Collected data:
------------------------------------

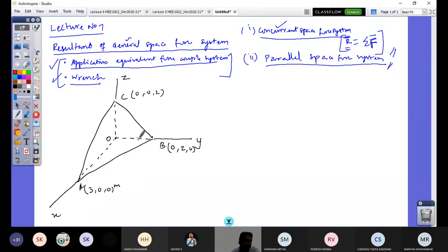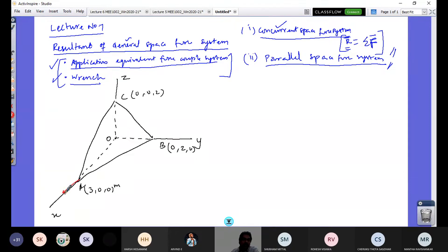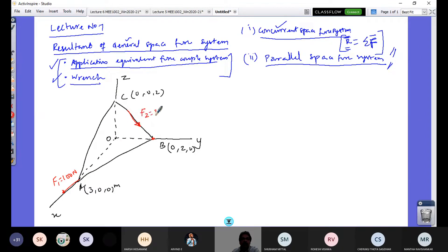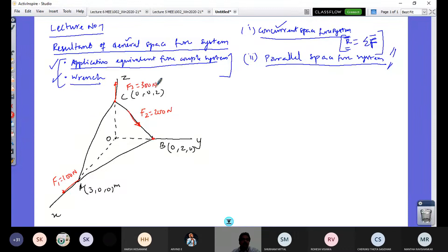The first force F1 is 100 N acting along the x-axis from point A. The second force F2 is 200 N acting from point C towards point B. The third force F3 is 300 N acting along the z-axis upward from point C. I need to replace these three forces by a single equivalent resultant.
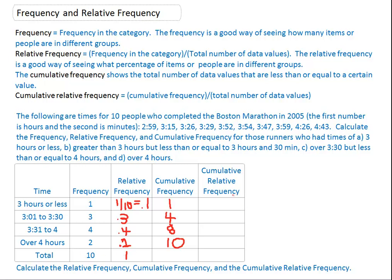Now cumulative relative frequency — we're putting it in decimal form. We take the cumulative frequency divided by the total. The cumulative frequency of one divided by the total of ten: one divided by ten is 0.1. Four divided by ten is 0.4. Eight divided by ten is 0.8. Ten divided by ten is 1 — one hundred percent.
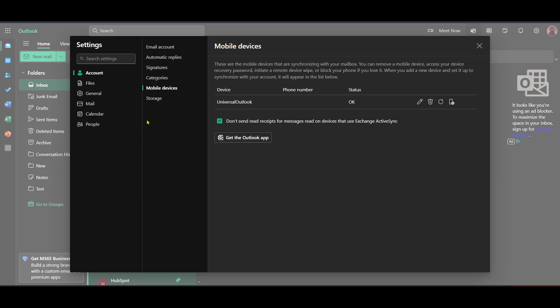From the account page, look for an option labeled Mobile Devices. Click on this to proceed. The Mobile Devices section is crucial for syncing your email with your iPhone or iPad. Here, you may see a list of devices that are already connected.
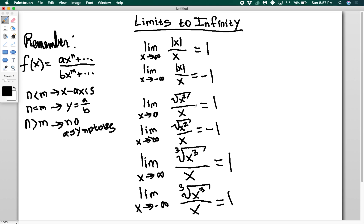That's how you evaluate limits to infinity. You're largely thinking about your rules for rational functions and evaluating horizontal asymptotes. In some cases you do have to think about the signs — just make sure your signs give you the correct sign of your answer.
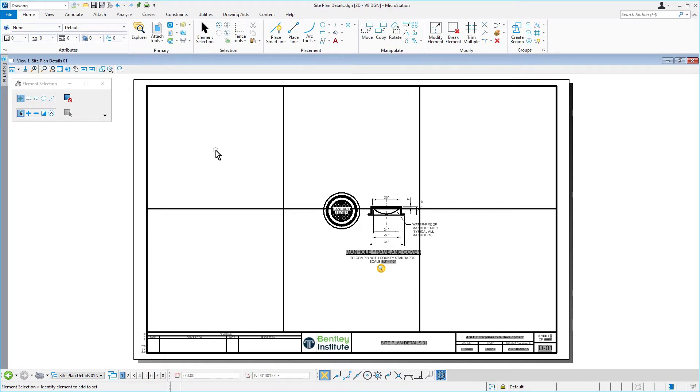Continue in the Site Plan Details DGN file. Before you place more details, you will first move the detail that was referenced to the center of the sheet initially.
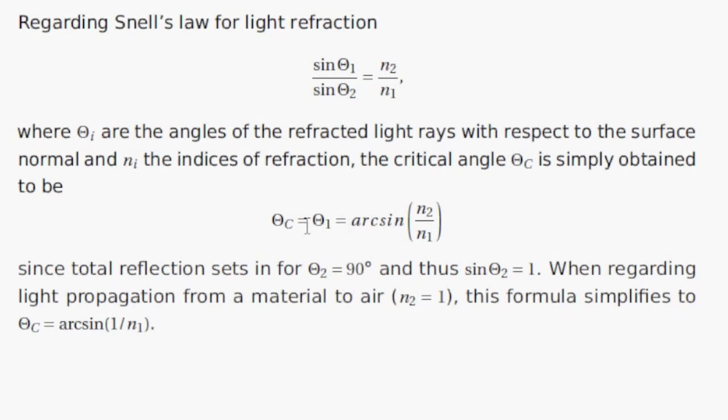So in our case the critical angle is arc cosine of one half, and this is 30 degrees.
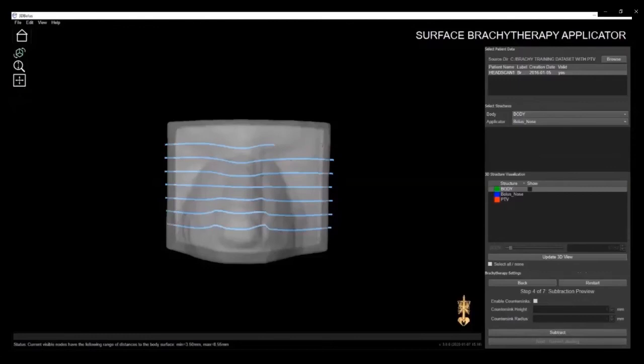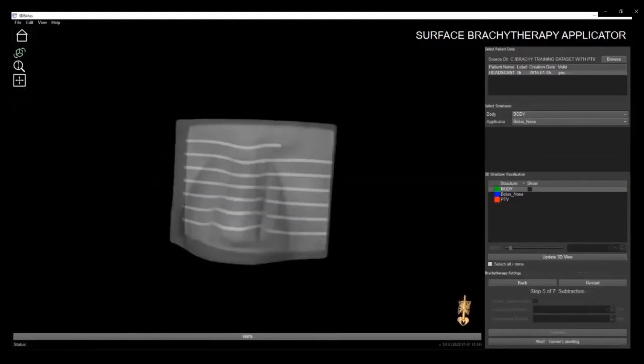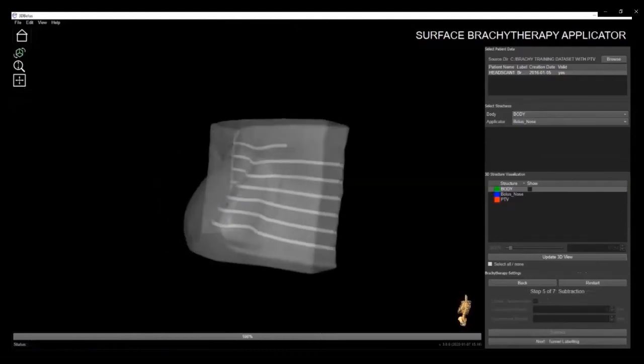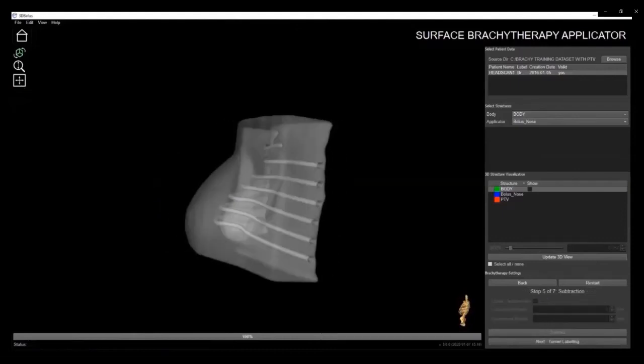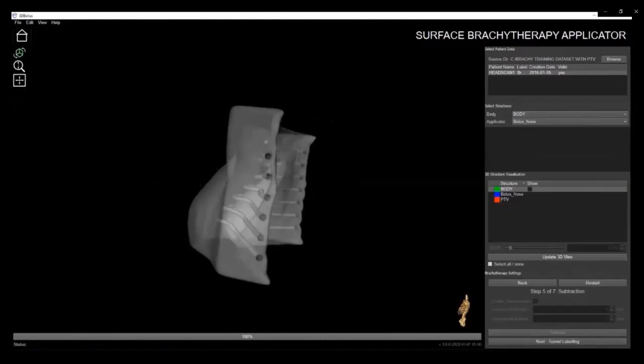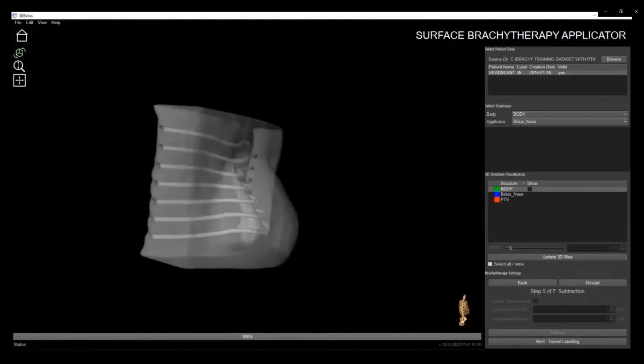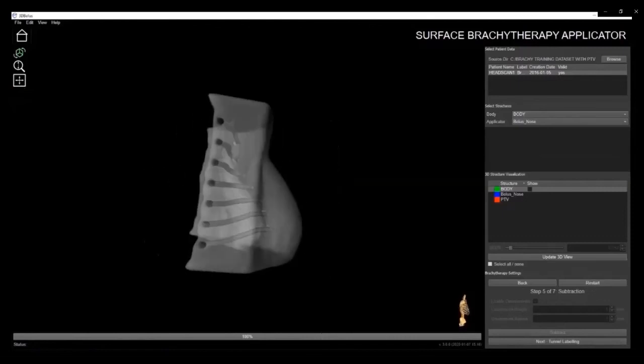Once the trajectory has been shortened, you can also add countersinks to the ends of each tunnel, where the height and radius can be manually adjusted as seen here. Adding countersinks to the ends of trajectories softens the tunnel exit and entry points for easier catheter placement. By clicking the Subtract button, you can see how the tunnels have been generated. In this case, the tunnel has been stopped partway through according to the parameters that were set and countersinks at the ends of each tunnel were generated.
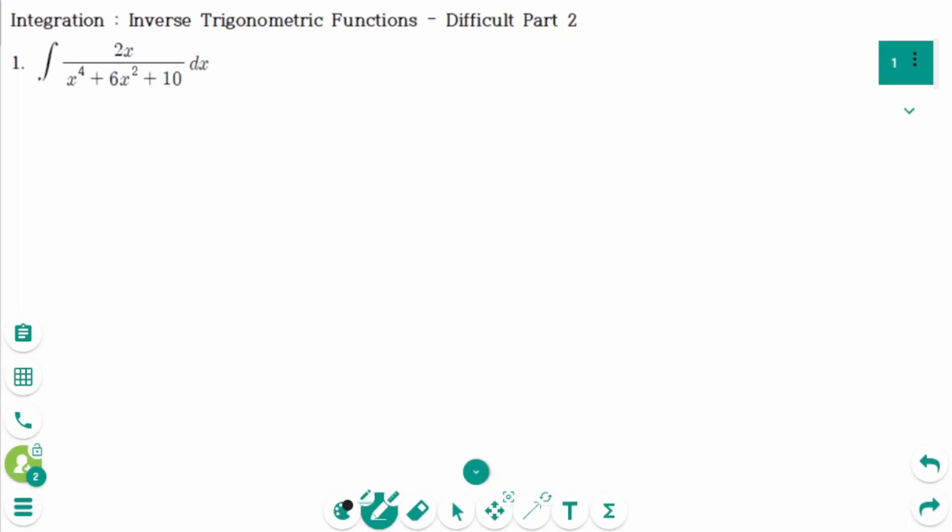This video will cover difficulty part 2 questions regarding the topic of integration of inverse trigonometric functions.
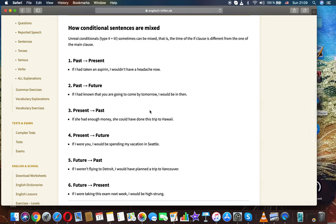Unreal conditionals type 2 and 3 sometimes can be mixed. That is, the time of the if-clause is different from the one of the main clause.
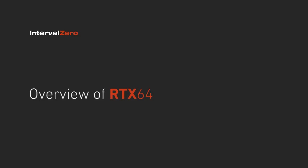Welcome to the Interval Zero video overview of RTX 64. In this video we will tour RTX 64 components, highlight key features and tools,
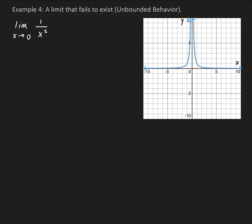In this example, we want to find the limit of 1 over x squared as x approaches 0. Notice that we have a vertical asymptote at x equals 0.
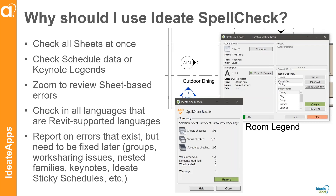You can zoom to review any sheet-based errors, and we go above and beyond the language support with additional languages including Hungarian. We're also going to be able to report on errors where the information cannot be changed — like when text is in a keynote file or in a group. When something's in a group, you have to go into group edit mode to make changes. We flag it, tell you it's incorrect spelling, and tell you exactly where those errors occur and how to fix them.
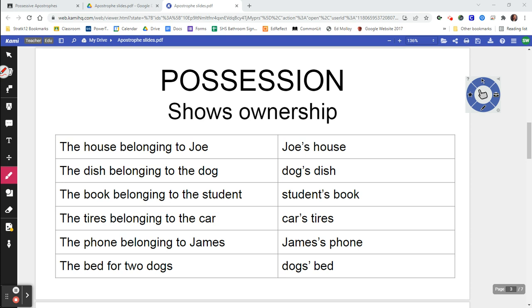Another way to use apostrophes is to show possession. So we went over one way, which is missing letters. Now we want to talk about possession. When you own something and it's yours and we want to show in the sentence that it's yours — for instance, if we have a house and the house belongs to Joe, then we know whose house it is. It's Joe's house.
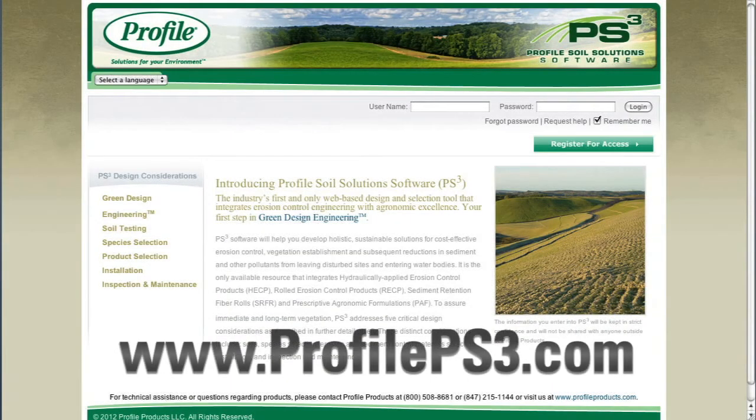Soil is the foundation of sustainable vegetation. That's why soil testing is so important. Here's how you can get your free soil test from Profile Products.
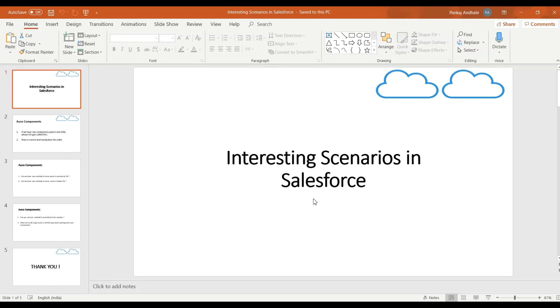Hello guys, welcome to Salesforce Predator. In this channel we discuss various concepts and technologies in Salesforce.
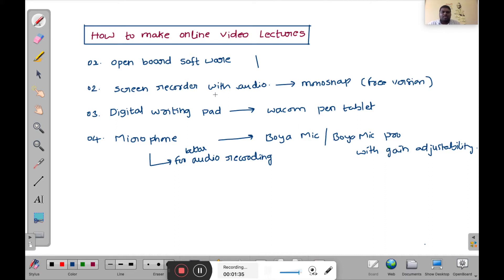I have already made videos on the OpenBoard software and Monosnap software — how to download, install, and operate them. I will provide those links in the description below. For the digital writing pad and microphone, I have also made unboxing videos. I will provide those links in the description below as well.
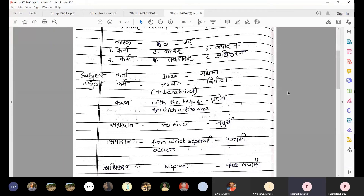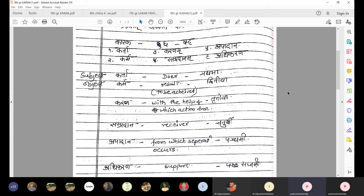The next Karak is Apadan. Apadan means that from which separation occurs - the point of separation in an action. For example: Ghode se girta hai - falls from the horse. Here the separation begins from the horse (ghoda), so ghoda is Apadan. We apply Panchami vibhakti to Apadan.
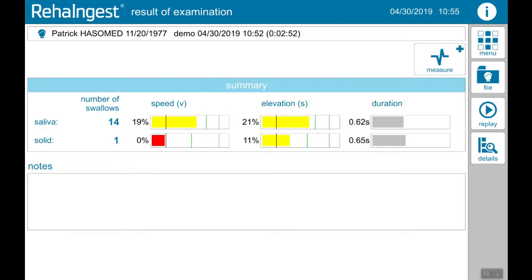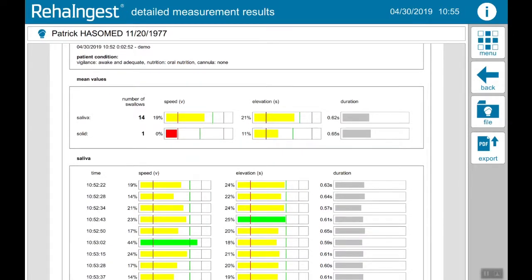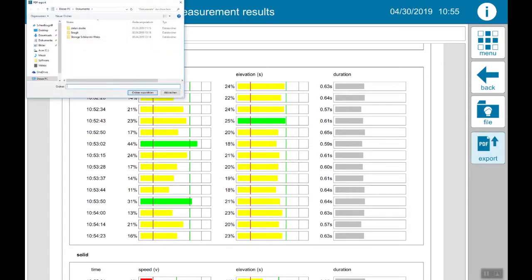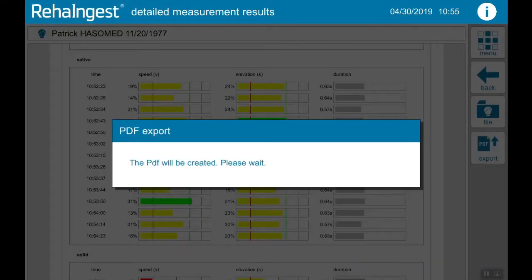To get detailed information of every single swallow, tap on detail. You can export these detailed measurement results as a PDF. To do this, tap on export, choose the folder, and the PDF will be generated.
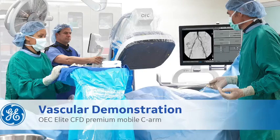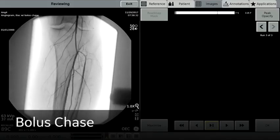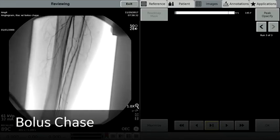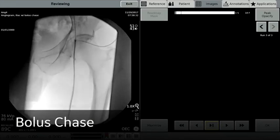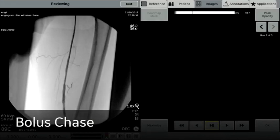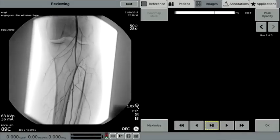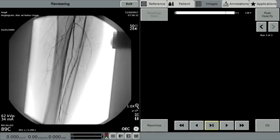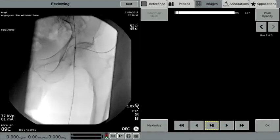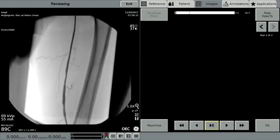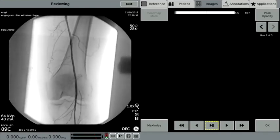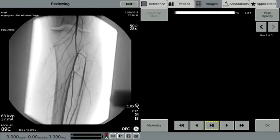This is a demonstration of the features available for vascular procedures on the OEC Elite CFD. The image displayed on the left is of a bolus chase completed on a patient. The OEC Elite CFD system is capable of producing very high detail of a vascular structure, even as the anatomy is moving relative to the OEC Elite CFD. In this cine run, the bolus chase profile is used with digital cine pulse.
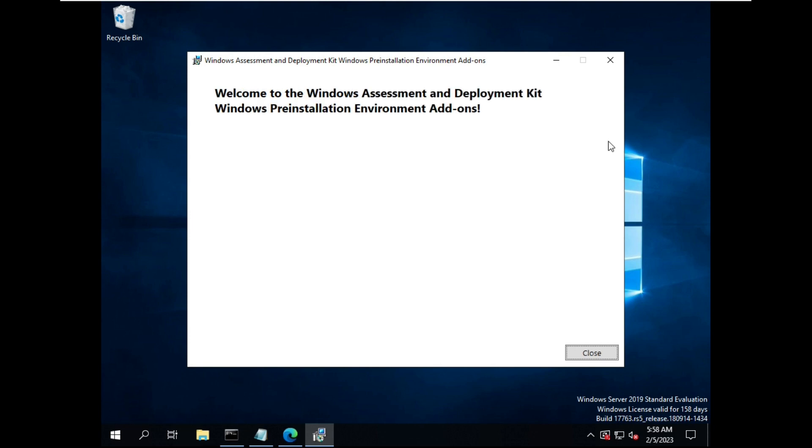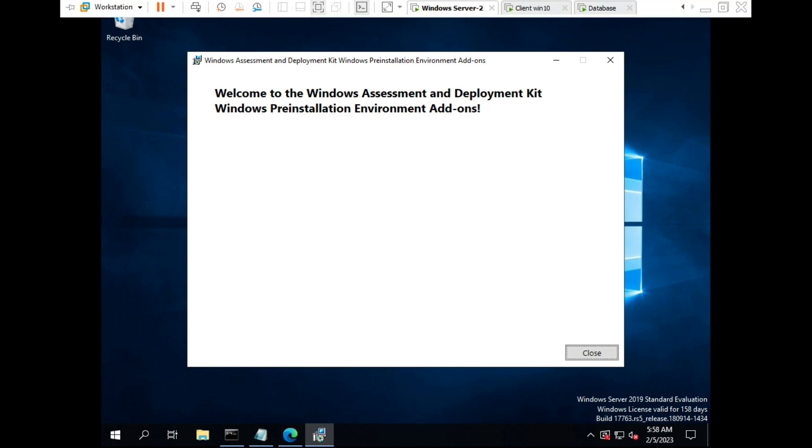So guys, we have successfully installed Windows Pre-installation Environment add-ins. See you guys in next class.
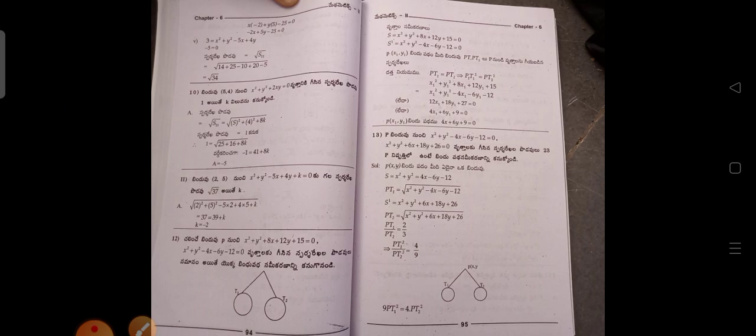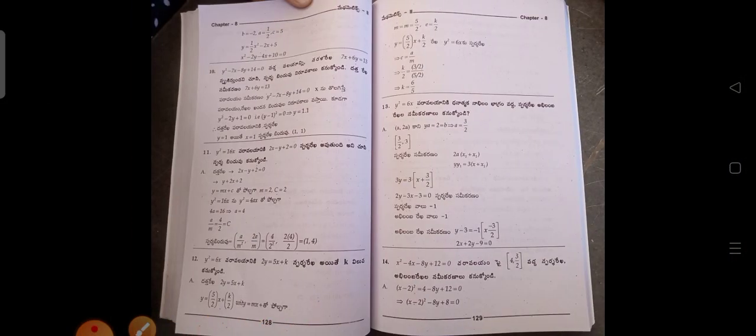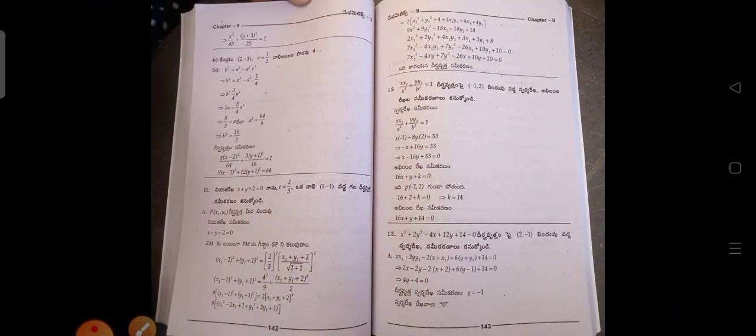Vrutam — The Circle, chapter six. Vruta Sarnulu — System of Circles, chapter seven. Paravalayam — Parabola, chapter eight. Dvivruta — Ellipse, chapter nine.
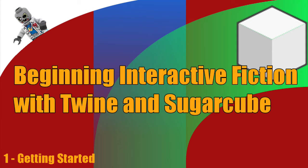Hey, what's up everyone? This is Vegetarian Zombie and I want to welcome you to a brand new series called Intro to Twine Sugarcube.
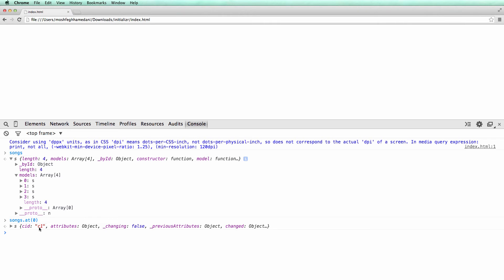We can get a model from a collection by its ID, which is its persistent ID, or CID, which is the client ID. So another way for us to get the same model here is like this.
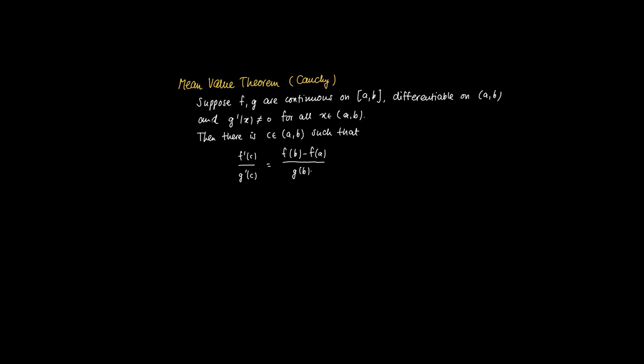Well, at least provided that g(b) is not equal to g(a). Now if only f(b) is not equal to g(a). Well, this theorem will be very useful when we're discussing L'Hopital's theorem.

------------------------------------

▶ _Work instruction_
Your copy should be the entries retyped exactly, with no images in it.

▶ _Solution to the exercise_
The first force F1 is 100 N acting along the x-axis from point A. The second force F2 is 200 N acting from point C towards point B. The third force F3 is 300 N acting along the z-axis upward from point C. I need to replace these three forces by a single equivalent resultant.
Now cumulative relative frequency — we're putting it in decimal form. We take the cumulative frequency divided by the total. The cumulative frequency of one divided by the total of ten: one divided by ten is 0.1. Four divided by ten is 0.4. Eight divided by ten is 0.8. Ten divided by ten is 1 — one hundred percent.
From the account page, look for an option labeled Mobile Devices. Click on this to proceed. The Mobile Devices section is crucial for syncing your email with your iPhone or iPad. Here, you may see a list of devices that are already connected.
That's how you evaluate limits to infinity. You're largely thinking about your rules for rational functions and evaluating horizontal asymptotes. In some cases you do have to think about the signs — just make sure your signs give you the correct sign of your answer.
Continue in the Site Plan Details DGN file. Before you place more details, you will first move the detail that was referenced to the center of the sheet initially.
So in our case the critical angle is arc cosine of one half, and this is 30 degrees.
Once the trajectory has been shortened, you can also add countersinks to the ends of each tunnel, where the height and radius can be manually adjusted as seen here. Adding countersinks to the ends of trajectories softens the tunnel exit and entry points for easier catheter placement. By clicking the Subtract button, you can see how the tunnels have been generated. In this case, the tunnel has been stopped partway through according to the parameters that were set and countersinks at the ends of each tunnel were generated.
This video will cover difficulty part 2 questions regarding the topic of integration of inverse trigonometric functions.
Unreal conditionals type 2 and 3 sometimes can be mixed. That is, the time of the if-clause is different from the one of the main clause.
Welcome to the Interval Zero video overview of RTX 64. In this video we will tour RTX 64 components, highlight key features and tools,
In this example, we want to find the limit of 1 over x squared as x approaches 0. Notice that we have a vertical asymptote at x equals 0.
You can zoom to review any sheet-based errors, and we go above and beyond the language support with additional languages including Hungarian. We're also going to be able to report on errors where the information cannot be changed — like when text is in a keynote file or in a group. When something's in a group, you have to go into group edit mode to make changes. We flag it, tell you it's incorrect spelling, and tell you exactly where those errors occur and how to fix them.
Another way to use apostrophes is to show possession. So we went over one way, which is missing letters. Now we want to talk about possession. When you own something and it's yours and we want to show in the sentence that it's yours — for instance, if we have a house and the house belongs to Joe, then we know whose house it is. It's Joe's house.
Soil is the foundation of sustainable vegetation. That's why soil testing is so important. Here's how you can get your free soil test from Profile Products.
Hello guys, welcome to Salesforce Predator. In this channel we discuss various concepts and technologies in Salesforce.
I have already made videos on the OpenBoard software and Monosnap software — how to download, install, and operate them. I will provide those links in the description below. For the digital writing pad and microphone, I have also made unboxing videos. I will provide those links in the description below as well.
The next Karak is Apadan. Apadan means that from which separation occurs - the point of separation in an action. For example: Ghode se girta hai - falls from the horse. Here the separation begins from the horse (ghoda), so ghoda is Apadan. We apply Panchami vibhakti to Apadan.
To get detailed information of every single swallow, tap on detail. You can export these detailed measurement results as a PDF. To do this, tap on export, choose the folder, and the PDF will be generated.
This is a demonstration of the features available for vascular procedures on the OEC Elite CFD. The image displayed on the left is of a bolus chase completed on a patient. The OEC Elite CFD system is capable of producing very high detail of a vascular structure, even as the anatomy is moving relative to the OEC Elite CFD. In this cine run, the bolus chase profile is used with digital cine pulse.
So guys, we have successfully installed Windows Pre-installation Environment add-ins. See you guys in next class.
Vrutam — The Circle, chapter six. Vruta Sarnulu — System of Circles, chapter seven. Paravalayam — Parabola, chapter eight. Dvivruta — Ellipse, chapter nine.
Hey, what's up everyone? This is Vegetarian Zombie and I want to welcome you to a brand new series called Intro to Twine Sugarcube.
We can get a model from a collection by its ID, which is its persistent ID, or CID, which is the client ID. So another way for us to get the same model here is like this.
Well, at least provided that g(b) is not equal to g(a). Now if only f(b) is not equal to g(a). Well, this theorem will be very useful when we're discussing L'Hopital's theorem.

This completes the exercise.